*PROVIDED DATA*.

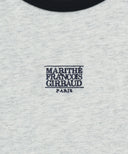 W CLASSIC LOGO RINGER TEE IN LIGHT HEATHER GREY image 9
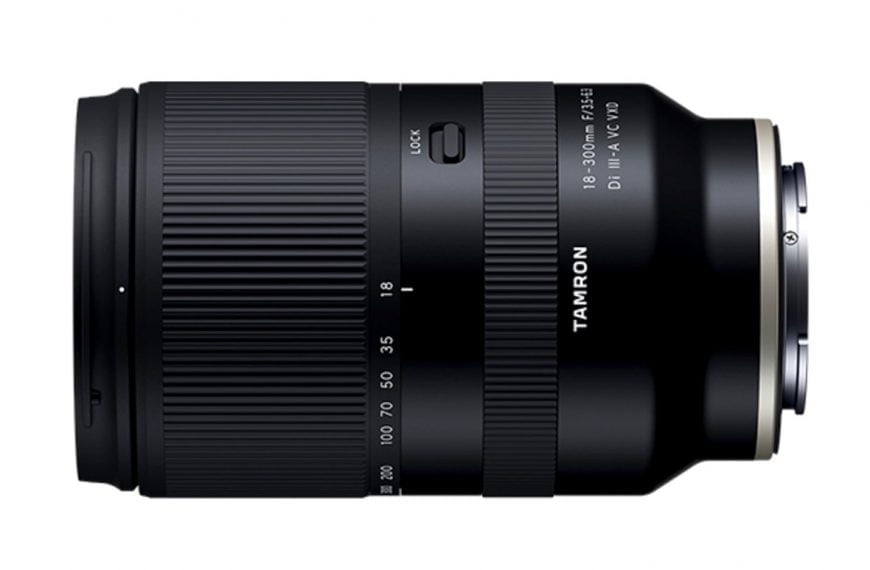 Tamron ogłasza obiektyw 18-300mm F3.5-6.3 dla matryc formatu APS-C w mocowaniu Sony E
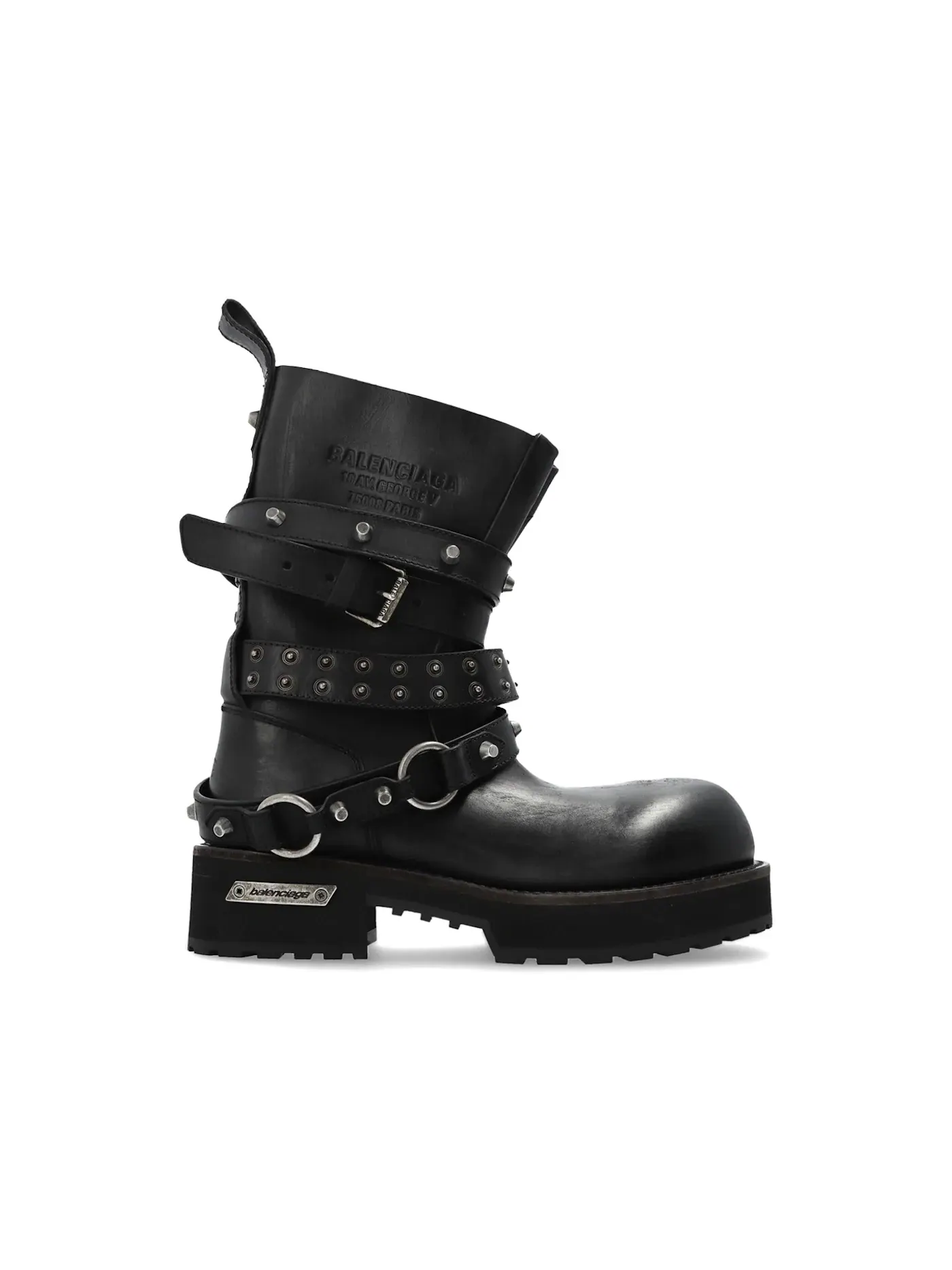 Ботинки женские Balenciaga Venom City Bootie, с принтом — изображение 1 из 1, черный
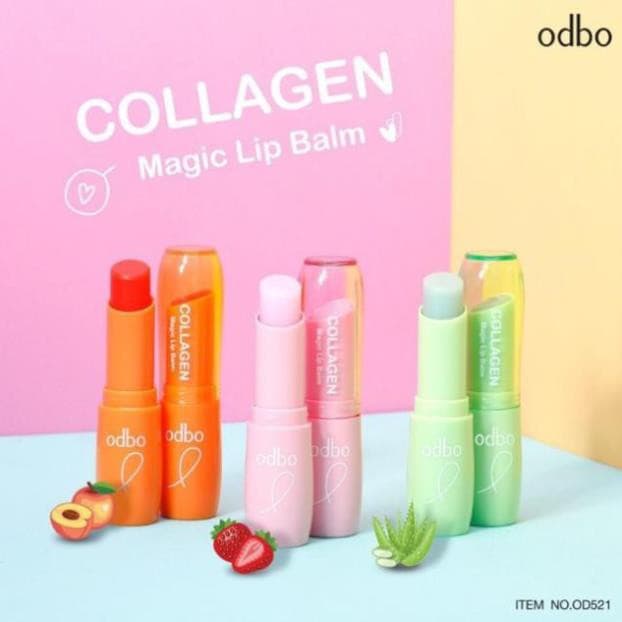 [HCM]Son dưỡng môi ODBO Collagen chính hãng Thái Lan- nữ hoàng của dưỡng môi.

--

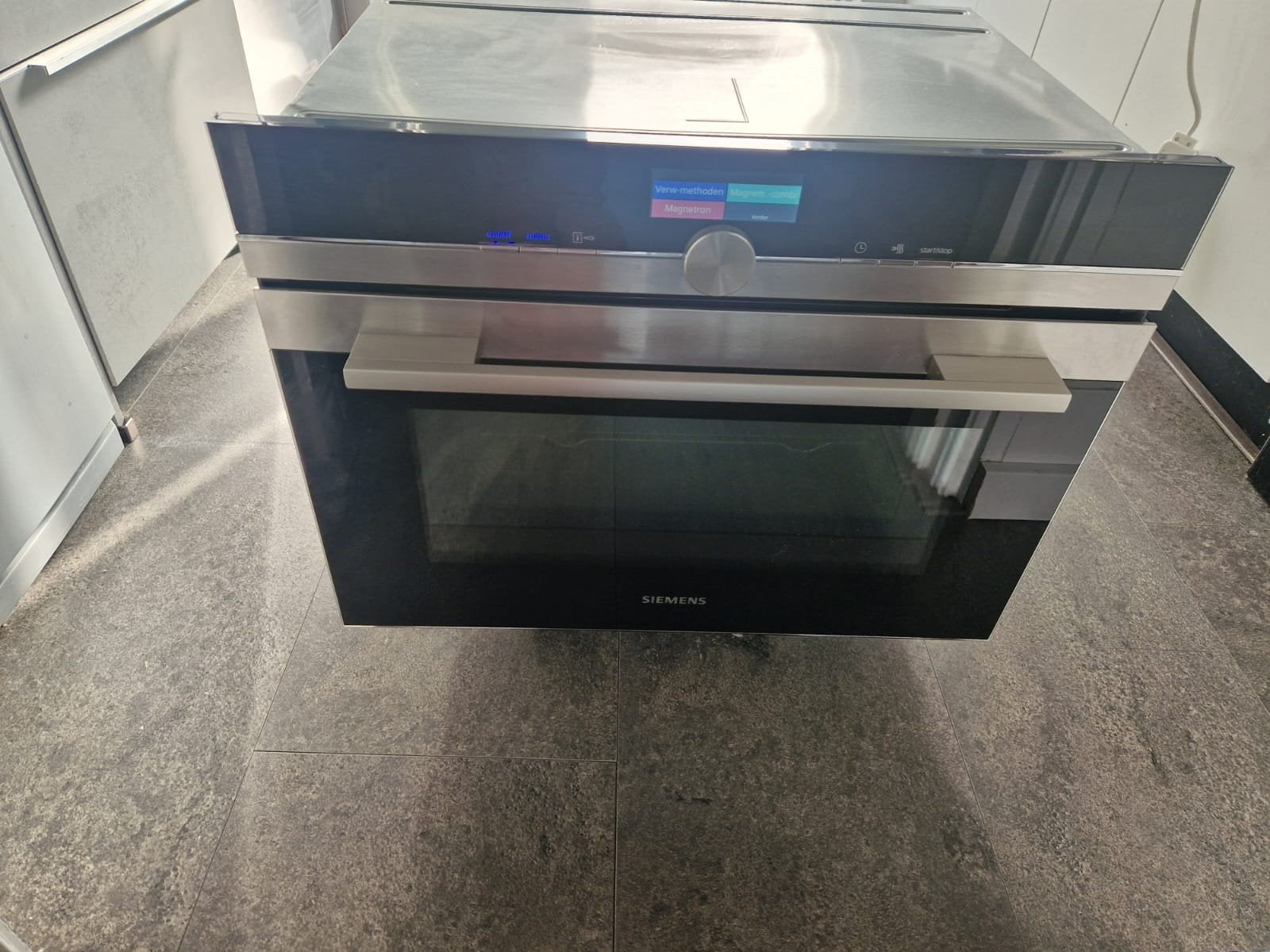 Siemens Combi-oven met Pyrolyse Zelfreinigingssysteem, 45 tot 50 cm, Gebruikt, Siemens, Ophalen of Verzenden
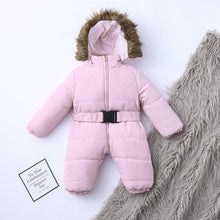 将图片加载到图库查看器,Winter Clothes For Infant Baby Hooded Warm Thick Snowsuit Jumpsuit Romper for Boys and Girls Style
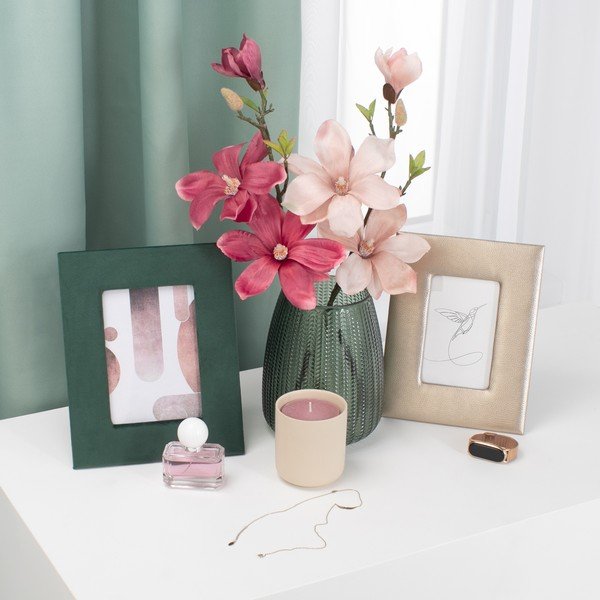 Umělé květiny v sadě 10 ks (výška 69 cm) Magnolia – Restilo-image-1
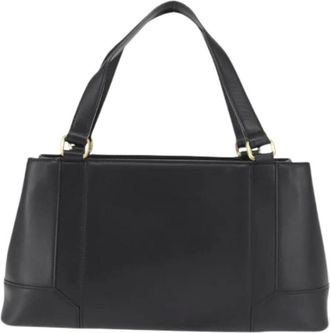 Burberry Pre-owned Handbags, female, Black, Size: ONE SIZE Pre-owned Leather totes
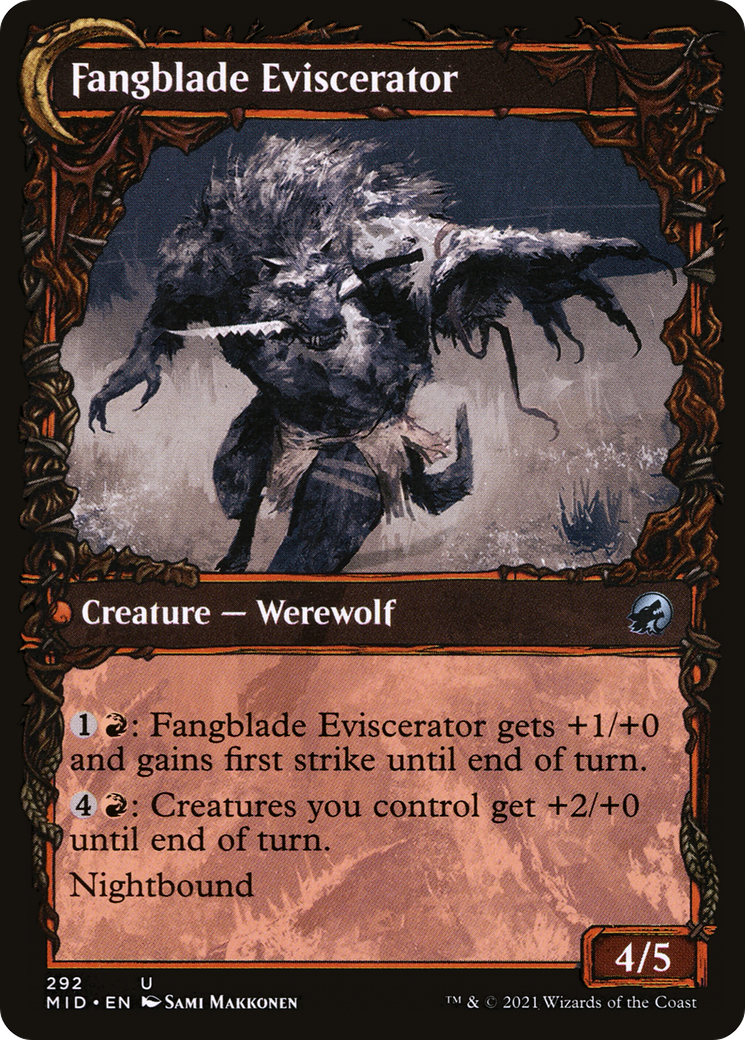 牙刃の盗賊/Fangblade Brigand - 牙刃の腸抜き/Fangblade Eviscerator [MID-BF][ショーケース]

*HOW TO COMPLETE THIS TASK*.
Once the line with "W CLASSIC LOGO" is found above, print it and every line after it through the line with "[HCM]Son dưỡng môi", exactly. Pictures stay out.

*ANSWER FOR THIS EXERCISE*.
 W CLASSIC LOGO RINGER TEE IN LIGHT HEATHER GREY image 9
 Tamron ogłasza obiektyw 18-300mm F3.5-6.3 dla matryc formatu APS-C w mocowaniu Sony E
 Ботинки женские Balenciaga Venom City Bootie, с принтом — изображение 1 из 1, черный
 [HCM]Son dưỡng môi ODBO Collagen chính hãng Thái Lan- nữ hoàng của dưỡng môi.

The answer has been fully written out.